(Web page caption snippets)
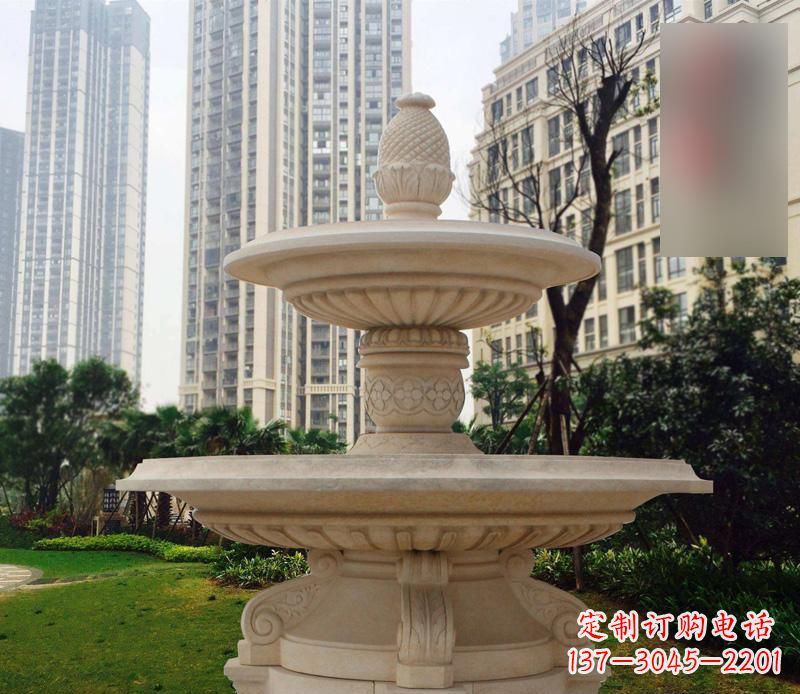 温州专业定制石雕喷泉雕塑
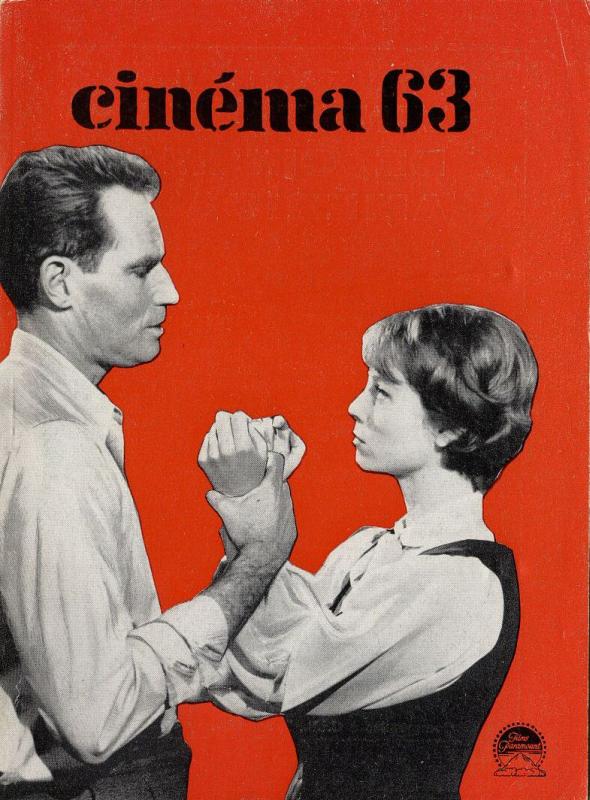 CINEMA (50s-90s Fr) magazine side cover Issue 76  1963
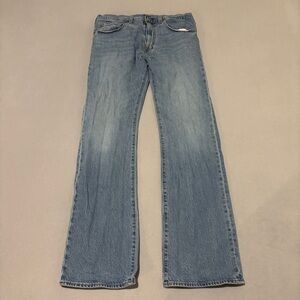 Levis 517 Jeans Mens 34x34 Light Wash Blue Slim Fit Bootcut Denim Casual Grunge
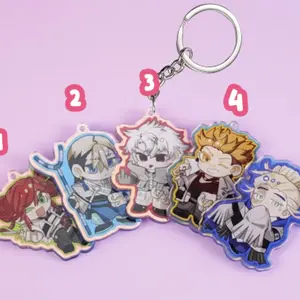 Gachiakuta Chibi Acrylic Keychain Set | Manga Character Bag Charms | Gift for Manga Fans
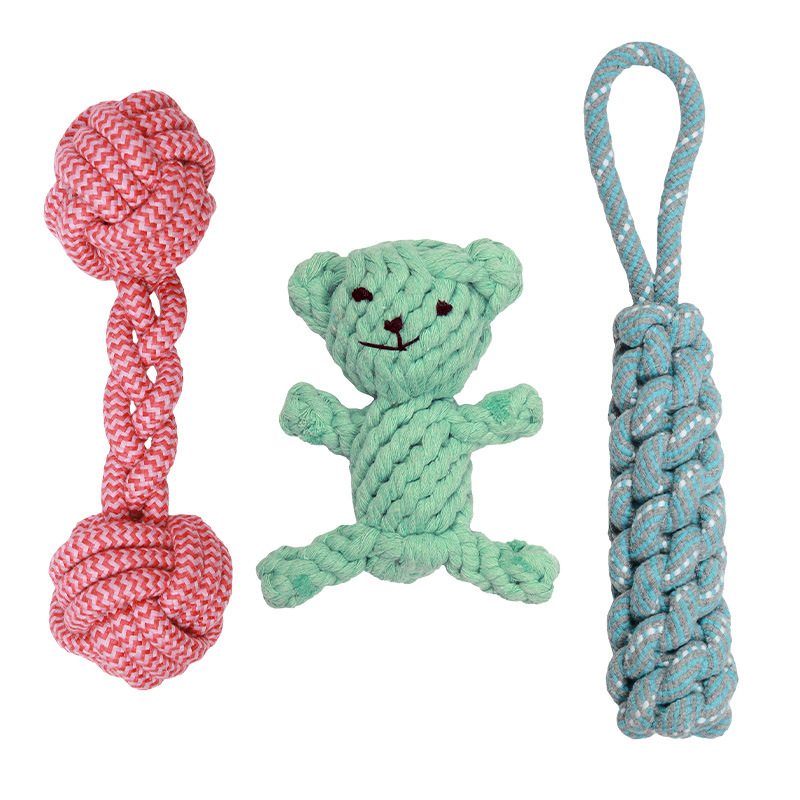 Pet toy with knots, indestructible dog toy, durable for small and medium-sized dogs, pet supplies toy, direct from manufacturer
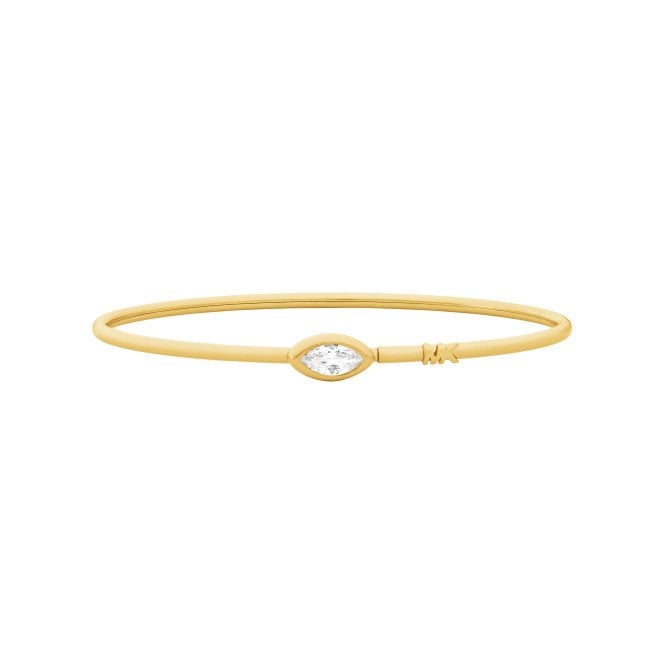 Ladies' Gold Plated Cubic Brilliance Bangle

● Description of the task
Repeat exactly the lines from the one containing "Pet toy with" to the last line of the data above, both included, and write no pictures into the copy.

● Task output
 Pet toy with knots, indestructible dog toy, durable for small and medium-sized dogs, pet supplies toy, direct from manufacturer
 Ladies' Gold Plated Cubic Brilliance Bangle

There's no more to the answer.